Single by Doris Day
- B-side: "Put 'Em in a Box, Tie 'Em With a Ribbon"
- Released: 1947
- Genre: Traditional pop
- Label: Columbia
- Composer: Jule Styne
- Lyricist: Sammy Cahn

= It's Magic =

"It's Magic" is a popular song written by Jule Styne, with lyrics by Sammy Cahn, published in 1947. They wrote the song for Doris Day in her Warner Brothers film debut, Romance on the High Seas (retitled It's Magic in the United Kingdom, after the song). In the autumn of 1948 Vic Damone, Tony Martin, Dick Haymes, Gordon MacRae and Sarah Vaughan all charted on Billboard magazine charts with versions of the song, but none as successfully as Day's recording. "It's Magic" received an Academy Award nomination for Best Song, but in March 1949 lost to "Buttons and Bows" by Jay Livingston and Ray Evans.
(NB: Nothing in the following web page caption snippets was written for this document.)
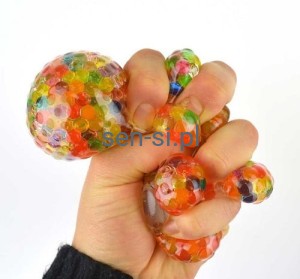 Gniotek - piłeczka z kuleczkami żelowymi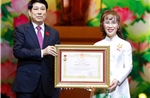 Tiến sĩ Nguyễn Thị Phương Thảo nhận danh hiệu Anh hùng Lao động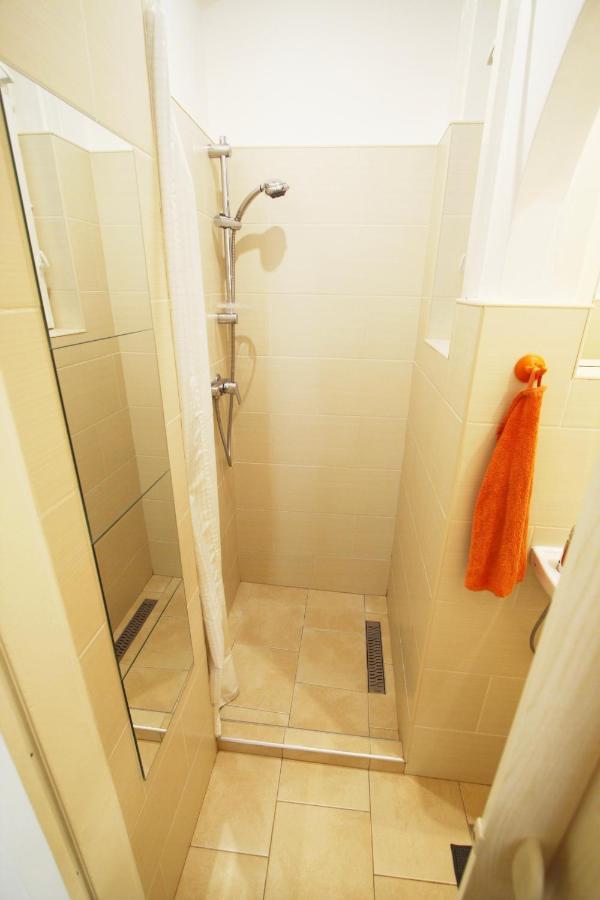 Sunny Studio With Balcony In Party District بودابست المظهر الخارجي الصورة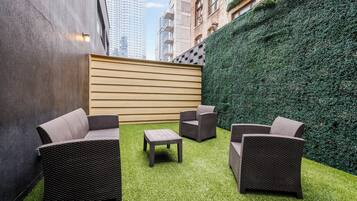 Backyard Queen | Terrace/patio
In 1952, Day made the song the theme of her Hollywood radio series, The Doris Day Show.

==Recordings==
- The Doris Day recording was released by Columbia Records as catalog number 38188. In September 1948 the single peaked at no. 2 on Billboard's Retail Record Sales chart during a 21-week run.
- The Tony Martin recording was released by RCA Victor Records as catalog number 20-2862. The recording spent 13 weeks on the Billboard chart, peaking at position no. 11.
- The Dick Haymes recording was released by Decca Records as catalog number 23826. The recording spent 18 weeks on the Billboard chart, peaking at position no. 9.
- The Gordon MacRae recording was released by Capitol Records as catalog number 15072. The recording spent 17 weeks on the Billboard chart, peaking at position no. 9.
- The Sarah Vaughan recording was released by Musicraft Records as catalog number 557. The recording spent two weeks on the Billboard chart, peaking at position no. 29. It appeared on the EP The Divine Sarah Sings (1954).
- In 1949, the song was featured on a selection of songs from the film It's Magic (the UK title for Romance on the High Seas) recorded by Peter Yorke and his Concert Orchestra, with vocals by Steve Conway, and issued by Columbia. The same year, a version of the song by Geraldo and his Orchestra, with vocals by Denny Vaughan, was released by Parlophone.
- Beverly Kenney recorded the song in 1958 for her album Beverly Kenney Sings for Playboys.
- Dinah Washington recorded the song in 1959 for her album What a Diff'rence a Day Makes!.
- Keely Smith recorded it in 1959 for her Capitol album, Swingin' Pretty, arranged and conducted by Nelson Riddle.
- Shirley Bassey recorded the song in 1963 for her EP In Other Words....
- In 2010, Australian singer Melinda Schneider recorded the song for her Doris Day tribute album Melinda Does Doris.
- Barbara Lewis recorded the song in 1965, and it was included in her album of the same name.
- In 1962, The Platters, with Sonny Turner singing lead, released it as a single. It reached 95 on the Billboard chart. It was also featured on their 1961 album Song for the Lonely.
- Eddi Reader recorded the song for her 2009 album Love Is the Way.
- It is the title cut to the 2013 album It's Magic - The songs of Sammy Cahn recorded by Steve Tyrell, featuring a saxophone solo by David Mann.
- To celebrate the one hundredth birthday of Sammy Cahn, a 2013 album was released featuring an ensemble of vocalists and jazz combo for the CD, It's Magic.
- Frank Sinatra has at least one well-known version of the song recorded.
- Eric Dolphy recorded an instrumental version of the song in December 1960, for his album Far Cry which was released in 1962.

==Other film versions==
- As it was part of the Warner studio music catalog, Bugs Bunny parodied the song in the 1951 Looney Tunes cartoon Rabbit Every Monday, with several verses beginning with "Carrots are divine...You get a dozen for a dime. It's magic." In his 1953 Warner Brothers cartoon Robot Rabbit, Bugs reprised this parody with a shorter version. In a later short, 1963's Transylvania 6-5000, Bugs hums/sings the melody, inserting magic words that he acquired from a book and unknowingly causing troublesome transformations in the short's antagonist, Count Bloodcount.
- The 1967 motion picture The Cool Ones featured Mrs. Miller doing a rock-flavored version of the song.